I don't know how I could restate it more clearly. I was of the age where everyone made fun of everyone else in every possible way shortly after the height of the movie's popularity, grew up in a community with many asians and had many asian friends, and never once heard anyone call anyone else "Donger". I would bet that most people who aren't currently around 35 years old would have no idea what "Donger" even means. People who are 25 and under most certainly wouldn't. Therefore, "Donger" was hardly a permanent addition to the lexicon of racial slurs. Were asian kids called that for a brief period in the mid 80s? Apparently, yeah. I'm sure it really sucked to be asian when that movie was at its height of popularity. But they apparently haven't been called that since the mid 80s. The UrbanDictionary definition for "Donger" has one reference to Sixteen Candles, and the rest are mostly about male genitalia. Search Google for it and it's all either direct quotes from the movie or penis references. If it were such a common, current racial slur you'd expect to find someone using it on a forum or something, but no. By contrast, I've heard the "sucky sucky" bit from Full Metal Jacket about a million times. I know who Stepin Fetchit and Amos n' Andy are and they were popular 40 years before I was born.
posted by DecemberBoy at 4:59 AM on March 25, 2008


Were John Hughes really that big of a deal? I saw Breakfast Club when it came out and thought it was just another glossy teen move, it didn't really register much; I don't think I've seen any others. They all sound like dumb comedies, what am I missing here?
posted by octothorpe at 5:10 AM on March 25, 2008


RayOrama,
That "pot saves the day" element bothers me too. It bothered me even more in Revenge of the Nerds.
posted by Cookiebastard at 5:19 AM on March 25, 2008


Child of the 80's here... yes, John Hughes movies were the bomb. Molly Ringwald, Ally Sheedy and toss in Winona can't finish that because Winona is such an awesome name. Teenage Fapage.
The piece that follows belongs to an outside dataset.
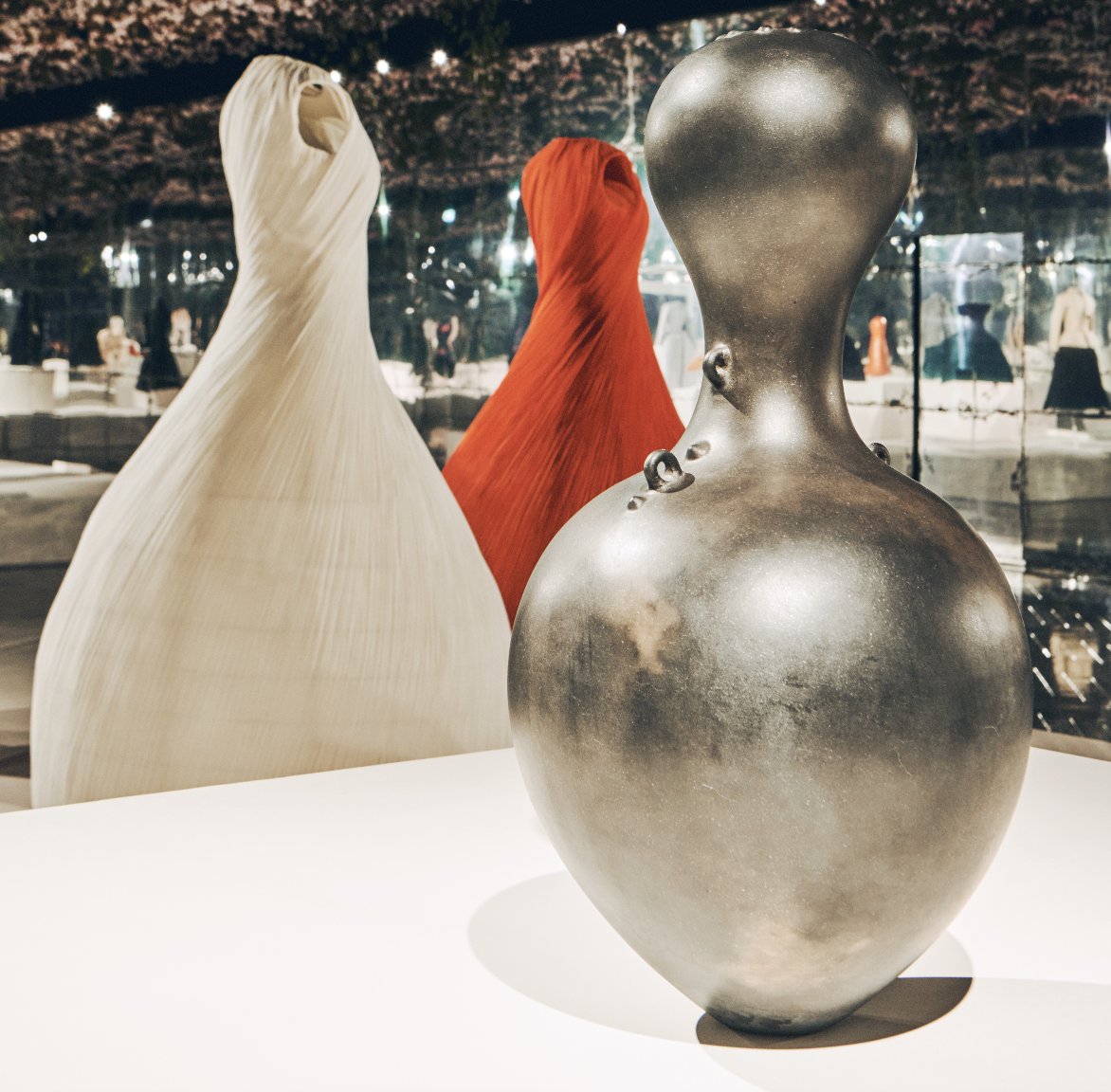 Dior Spring Summer 2026 Haute Couture. In the artist’s studio with Magdalene Odundo, whose work was a guiding influence for Creative Director Jonathan Anderson. #DiorCouture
Loved the movies, sorry... never even thought about Long Duc Dong as being any sort of slur. More surprised that the two Asian girls in my school had the same last name but were not related in any way.

Yeah, you're missing out by not being from the generation. I'll watch a John Hughes movie anytime I come across it on the TV. 80's teenager thing. Don't think about it too hard.

What my teenage self wouldn't give to (nevermind...).
posted by zengargoyle at 5:37 AM on March 25, 2008


You all shut up! Pot does save the day!
posted by grubi at 6:18 AM on March 25, 2008 [6 favorites]


John Hughes' films always feature something or other that bothers me in some way. Donger is only one of the elements in Sixteen Candles. Another is the fact that in order to be considered cool by your peers you need to drink yourself under the table, get drag-out stoned, or have sex.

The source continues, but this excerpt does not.